[RECORD SET — start]

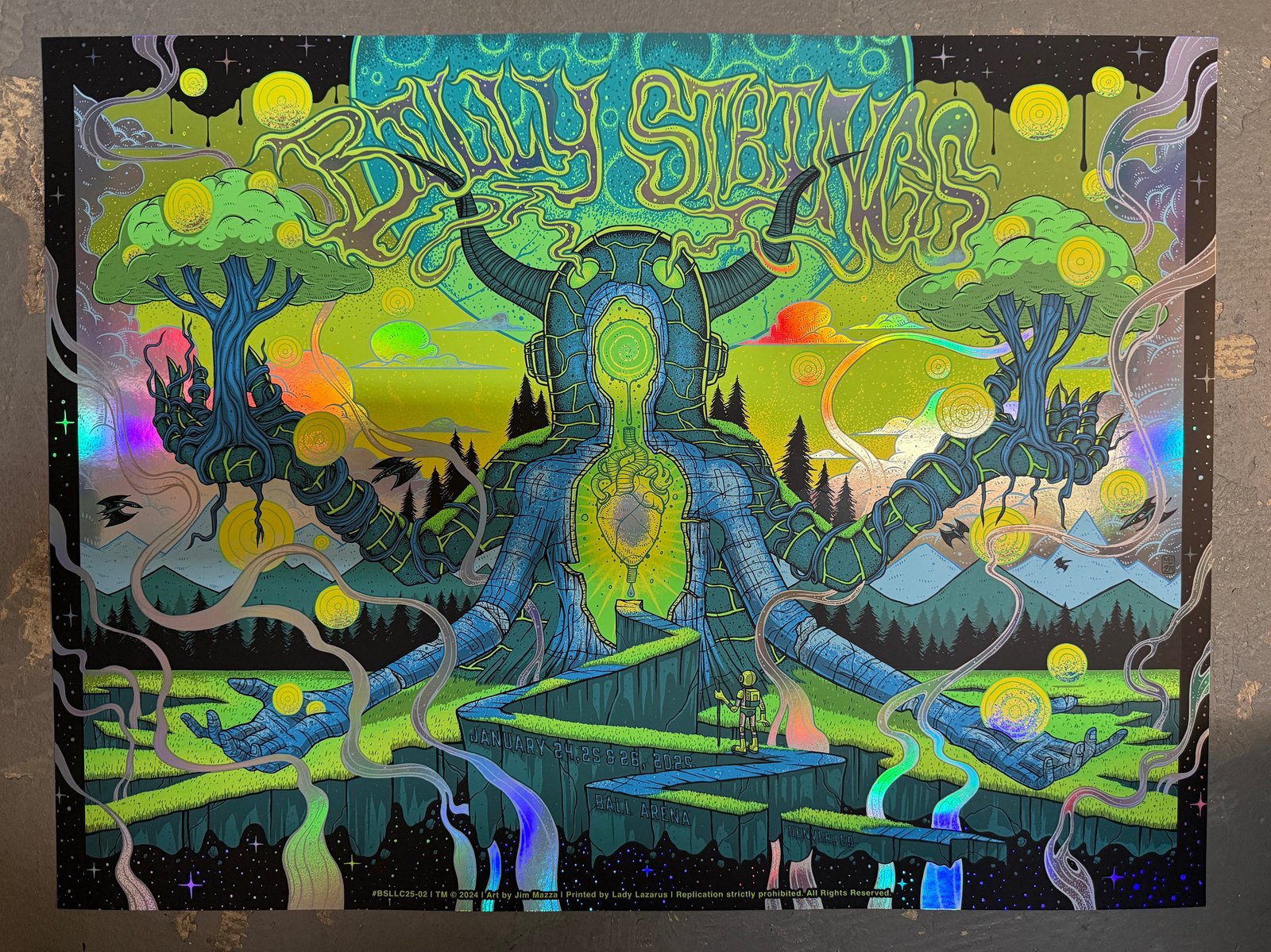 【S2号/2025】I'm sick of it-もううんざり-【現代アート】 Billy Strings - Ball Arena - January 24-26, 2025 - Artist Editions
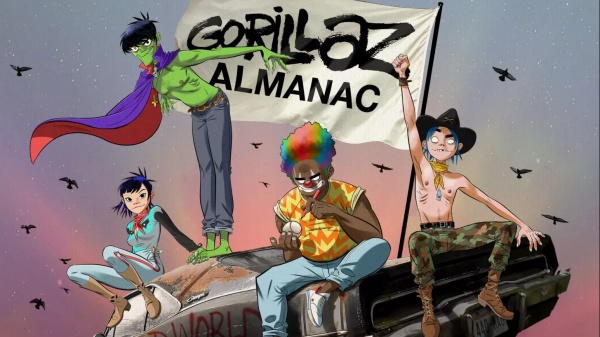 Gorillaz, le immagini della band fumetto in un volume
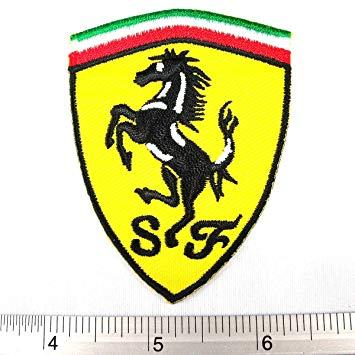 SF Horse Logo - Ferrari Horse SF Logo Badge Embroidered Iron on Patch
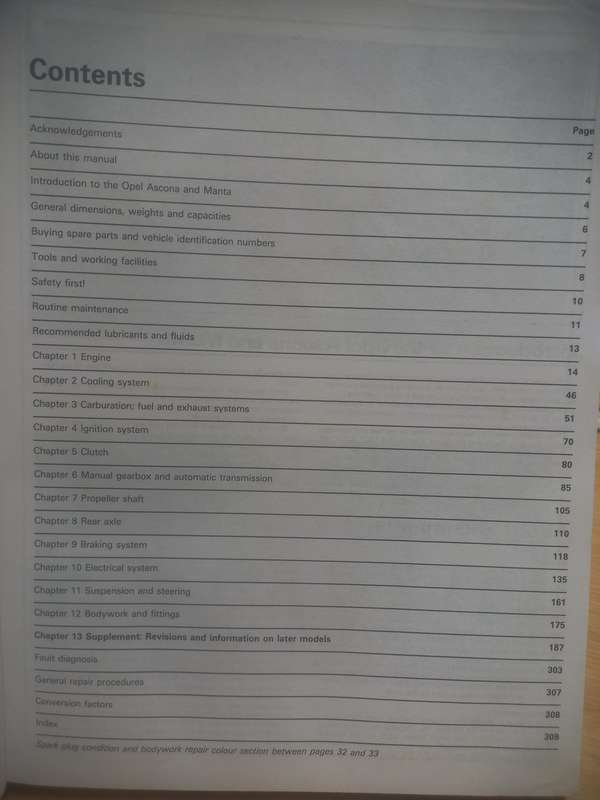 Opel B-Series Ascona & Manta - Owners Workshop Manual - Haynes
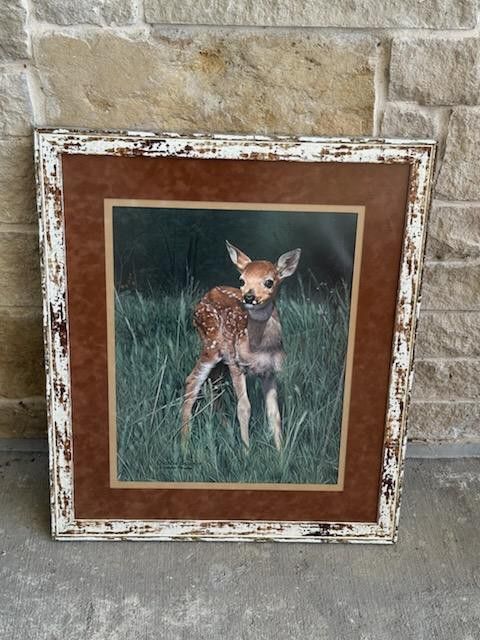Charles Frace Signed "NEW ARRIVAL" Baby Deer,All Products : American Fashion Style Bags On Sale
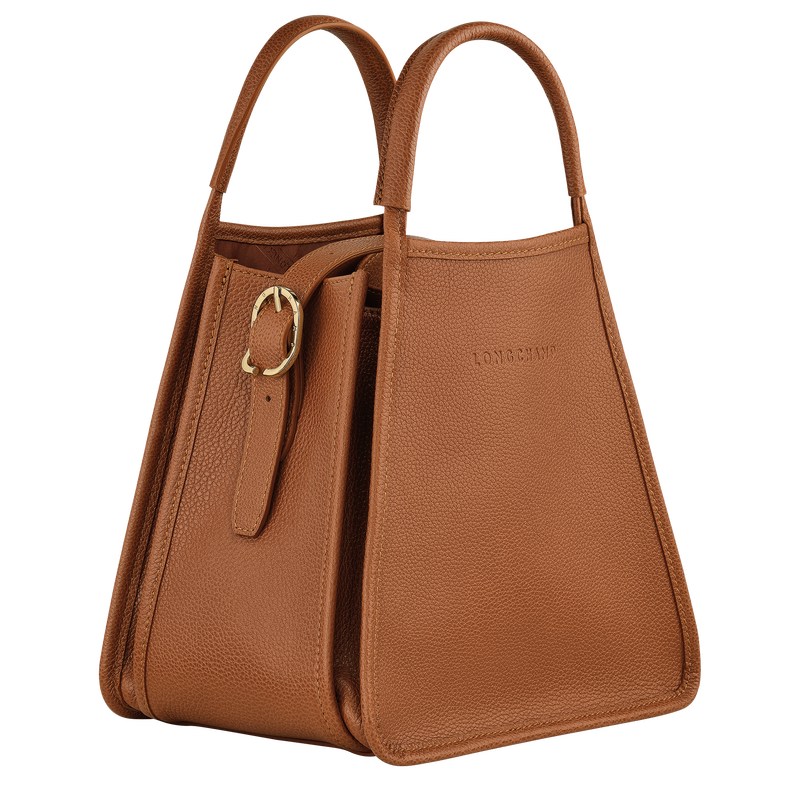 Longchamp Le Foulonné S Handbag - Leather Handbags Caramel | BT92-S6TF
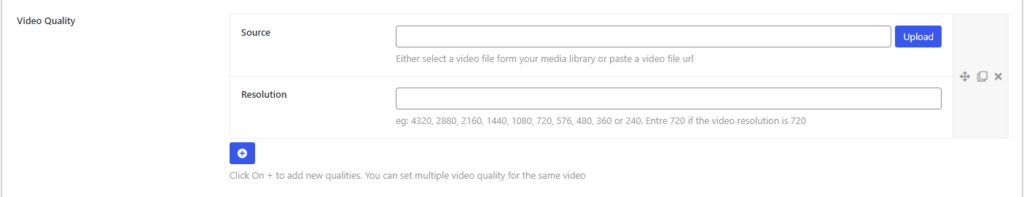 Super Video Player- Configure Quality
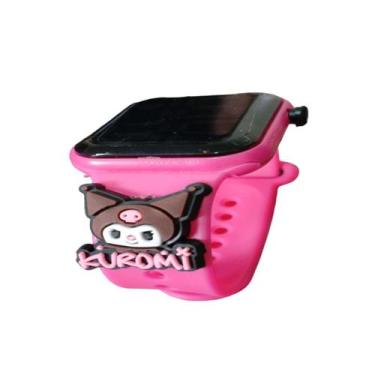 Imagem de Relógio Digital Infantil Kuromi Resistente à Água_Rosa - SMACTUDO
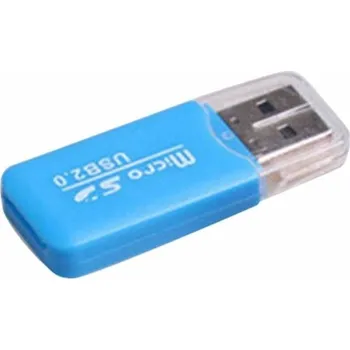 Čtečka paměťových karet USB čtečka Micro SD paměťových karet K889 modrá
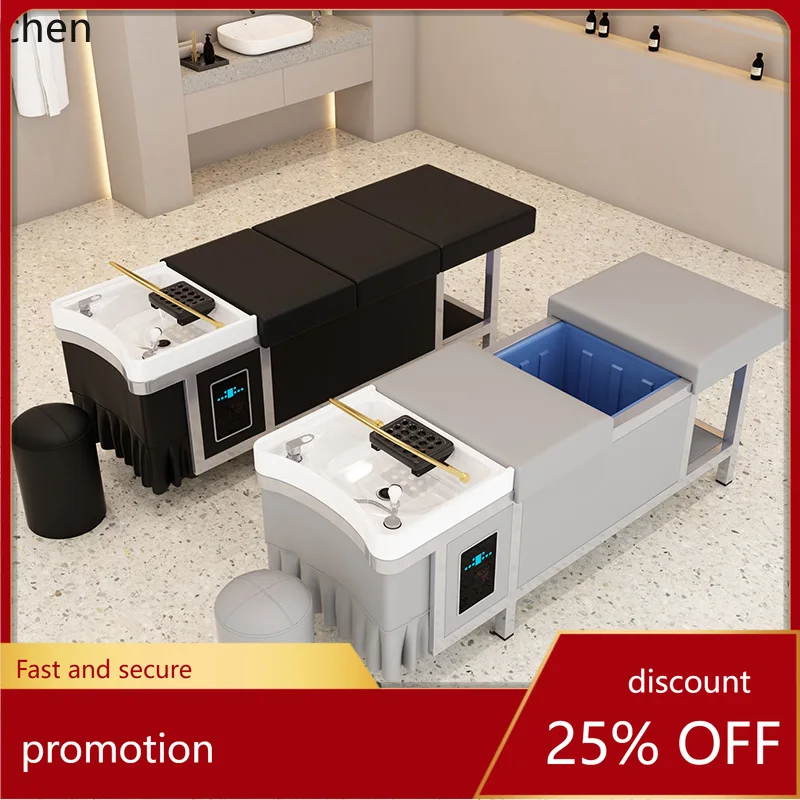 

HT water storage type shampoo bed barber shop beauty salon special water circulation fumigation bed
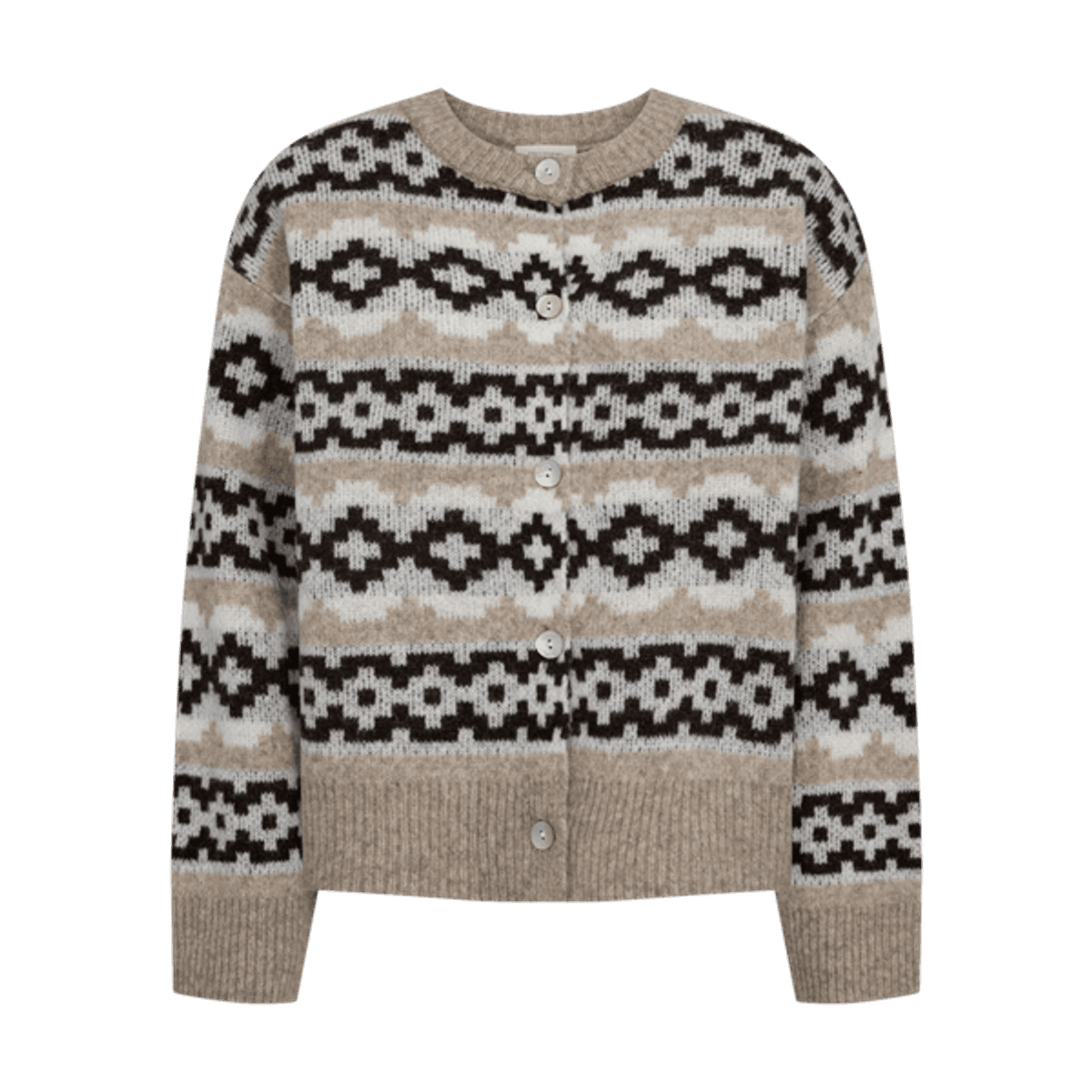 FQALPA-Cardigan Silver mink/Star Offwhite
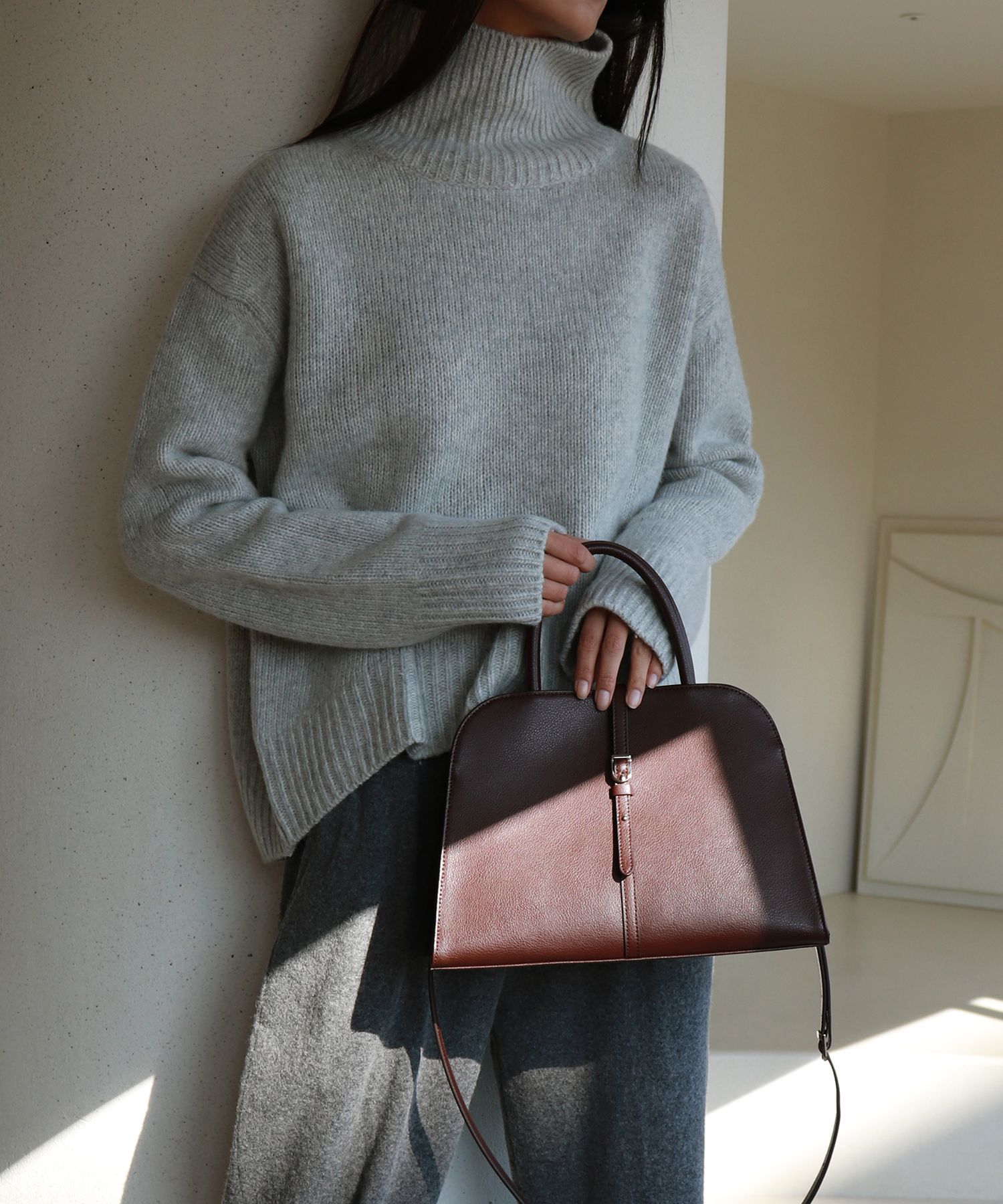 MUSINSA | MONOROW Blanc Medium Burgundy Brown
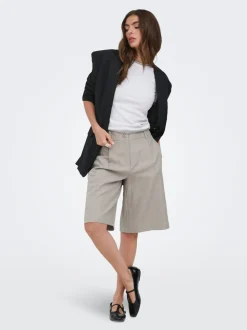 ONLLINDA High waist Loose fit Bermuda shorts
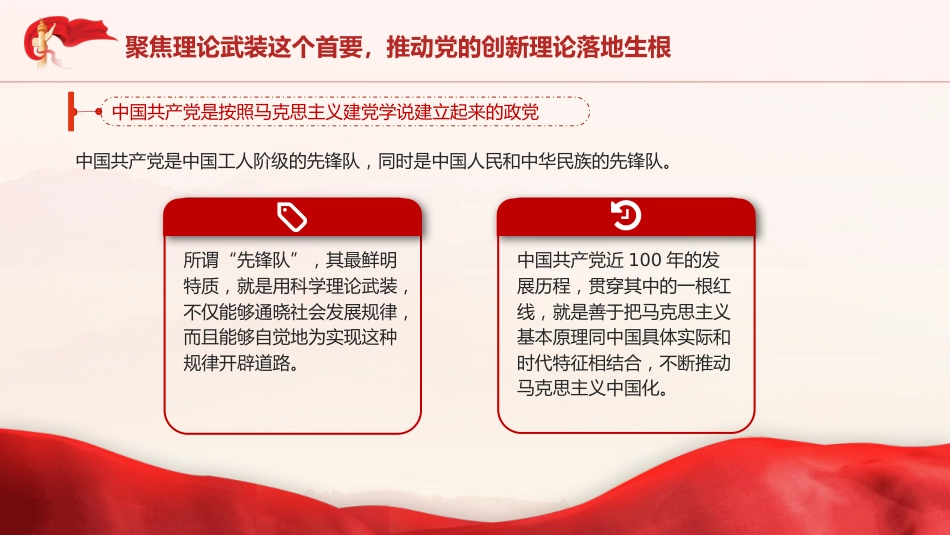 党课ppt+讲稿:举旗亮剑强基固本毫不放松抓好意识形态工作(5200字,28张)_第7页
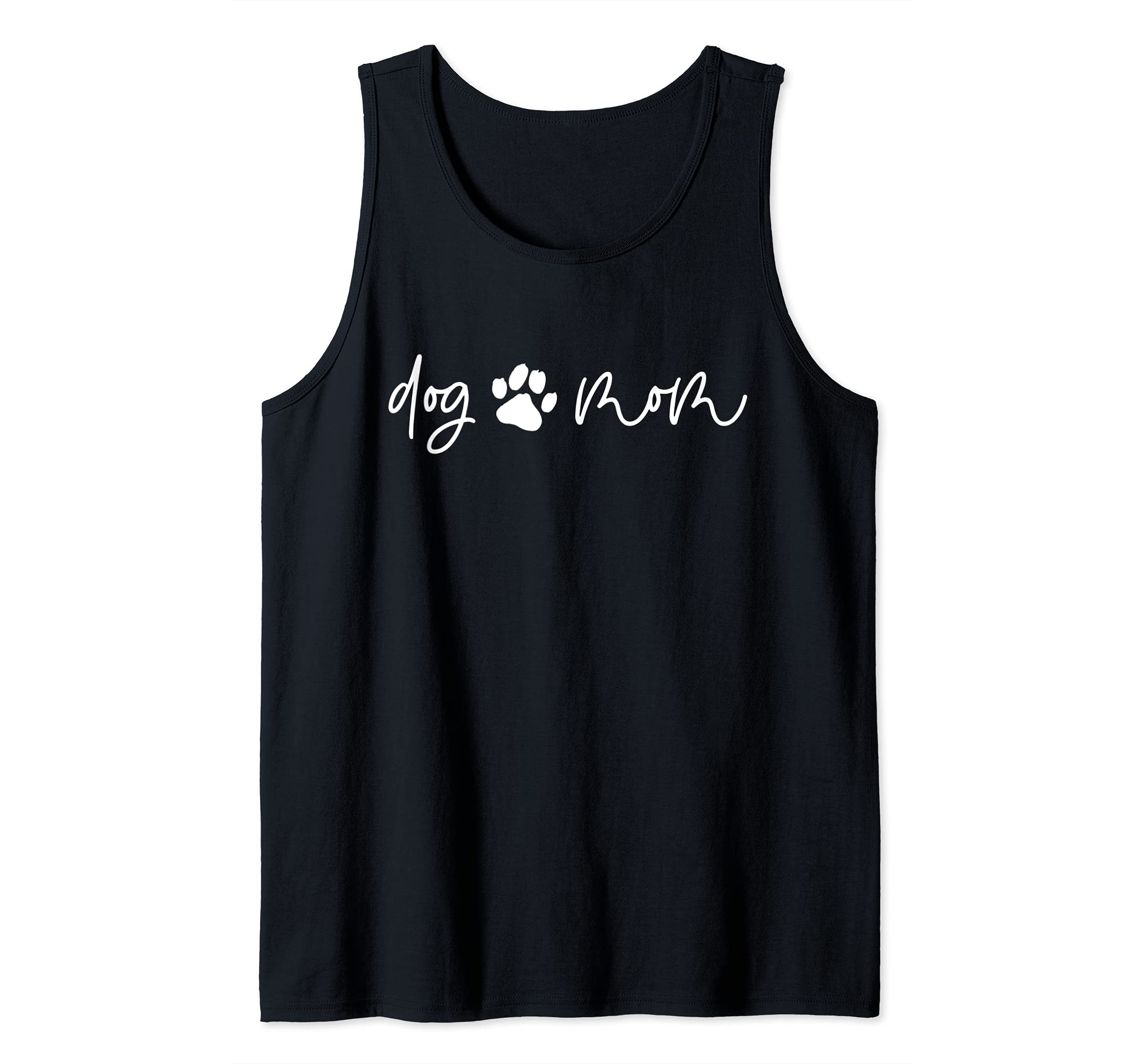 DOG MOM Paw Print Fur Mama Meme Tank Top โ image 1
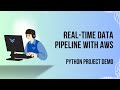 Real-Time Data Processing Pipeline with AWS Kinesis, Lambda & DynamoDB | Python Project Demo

[RECORD SET — finish]

» **INSTRUCTIONS TO FOLLOW**
In the records above, find the line with "Super Video Player- Configure Quality" and the line with "党课ppt+讲稿:举旗亮剑强", then restate word for word only those two lines and all lines between, omitting pictures.

» **PROBLEM SOLUTION**
 Super Video Player- Configure Quality
 Imagem de Relógio Digital Infantil Kuromi Resistente à Água_Rosa - SMACTUDO
 Čtečka paměťových karet USB čtečka Micro SD paměťových karet K889 modrá

HT water storage type shampoo bed barber shop beauty salon special water circulation fumigation bed
 FQALPA-Cardigan Silver mink/Star Offwhite
 MUSINSA | MONOROW Blanc Medium Burgundy Brown
 ONLLINDA High waist Loose fit Bermuda shorts
 党课ppt+讲稿:举旗亮剑强基固本毫不放松抓好意识形态工作(5200字,28张)_第7页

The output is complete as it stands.